Training and Competence (T&C) will shortly have its coming of age. This has involved almost 18 years of development from the days of its infancy when we had to divide up our company representatives under LAUTRO’s requirements into categories A B and C. This meant entire sales forces being taken off the road for retraining and when the role of the T&C supervisor was the filling in the sandwich between compliance and the sales force.

And in the future we have an increasing number of challenges facing intermediary firms of all sizes. Yet despite this ‘coming of age’ have things really moved on? Just a few months ago, FSA chief executive Hector Sants, when addressing the Reuters Newsmakers conference on 12 March and, speaking of the resource and T&C requirements of his own staff, said: “by the end of 2009, we will have 280 extra specialist and supervisory staff which will represent a 30 per cent increase in our supervisory capacity. To ensure these individuals are properly equipped to do this job we have introduced a new Training & Competence scheme which involves a regulatory testing regime for existing supervisors. We have also ensured that we have the right mix between professional regulators and market practitioners.”

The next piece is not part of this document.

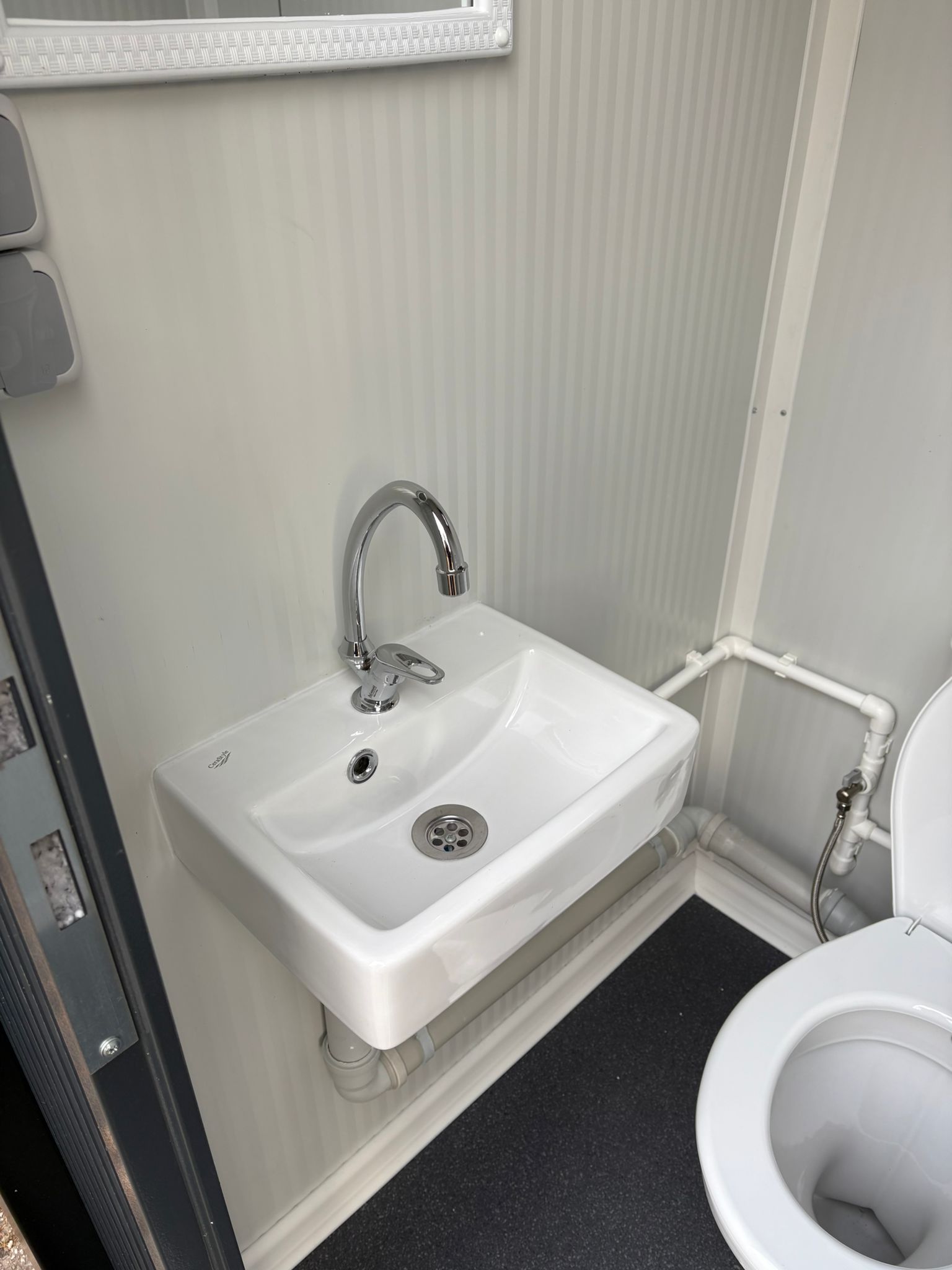 Fonteinset Wasbak single toilet unit met urinoir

I’m sure he cannot have meant it the way it sounds, because surely the FSA would be leading by example and already have a suitably robust Training & Competence scheme in place, enhanced by the right balance of regulators and practitioners!

Integral

However, it does go to show that T&C is not the ephemeral add-on which was the bane of our company representatives’ lives at birth and has transformed into an integral part of running a business properly and professionally. The move to principles-based regulation has helped this, as companies now have to take a mature appropriate and proportionate decisions for their company’s professional standards for all staff instead of limiting it to the basics required by the regulations. For example, in the days of T&C infancy we generally applied the regime to the minimum that we could get away with – just to the customer facing sales representatives. Then as time progressed we began to embrace the benefits of having a well trained, knowledgeable, skilled and competent back office and extended training there.

There remain two areas which exercise my mind on T&C issues – one relates to the “annual sheep-dipping” approach that is needed on statutory or desirable training areas such as anti-money laundering, treating customers fairly, data security and diversity. This can be a real trial for trainers and staff alike as it is often hard to say something new and unusual. We have started experimenting with immersive gaming using the latest technology to turn these learning experiences into fun games with real life scenarios. The staff love them, they deliver all the learning outcomes and provide evidence on our learning management systems that the training has been delivered and the scores attained.

Immersive learning is certainly one way that technology can provide an engaging, exciting yet realistic simulation to communicate a range of FSA principles by stepping outside of the textbook to stimulate the interest of all learners. Indeed by adapting a gaming mentality immersive learning can provide learning solutions for all firms who are serious about such areas and wish to ensure all their employees understand their personal responsibilities.

RDR

The second area causing some sharpening of one’s regulatory attention at the present is the RDR and the potential knock-on implications for all firms be they mortgage brokers, IFAs, stockbrokers or asset managers. The key here is to make sure firms are aware of any changes in policy and, if applicable, do not leave any action until the last minute.

There are constant reminders being issued by the FSA about such matter and about the overall importance of firms not losing focus on their regulatory responsibilities. This has been illustrated by the regulator handing out a record 55 fines in the year ended 31 March 2009, according to figures from city law firm Reynolds Porter Chamberlain. It added that the FSA also prohibited more individuals or firms, 46 in total, from carrying out regulated activity than in all previous years put together. The research from the law firm also shows that the average fine handed down by the FSA in 2008-9 amounted to £497,000 compared with £212,000 in the previous financial year. Even after taking out fines handed out worth more than £1 million, the average fine still increased 20 per cent from £111,000 to £133,000.

Supervision

There is no doubting that the FSA will continue keeping a close watch on firms via its day-to-day supervision. T&C assessments remain a vital element in proving an adviser's competence and maintaining valuable management information. Competence essentially means having the skills, knowledge and expertise needed to discharge the responsibilities of an adviser's or supervisor's role and this includes achieving a good standard of ethical behaviour.

In terms of financial services there is often a tick box mentality attached to most areas in the learning of regulatory requirements. The use of technology however, can ultimately help to raise the bar by aiding the relevant parties in getting up to speed with these initiatives and requirements. It can also help form a greater understanding of practical scenarios to boost performance both in how individual businesses work and from a regulatory perspective.

There is no doubting that Training and Competence is here to stay but in more integrated and sophisticated ways for the benefit of the entire workforce, our clients and shareholders alike. Advisers across all sectors need to embrace it or simply become another FSA statistic.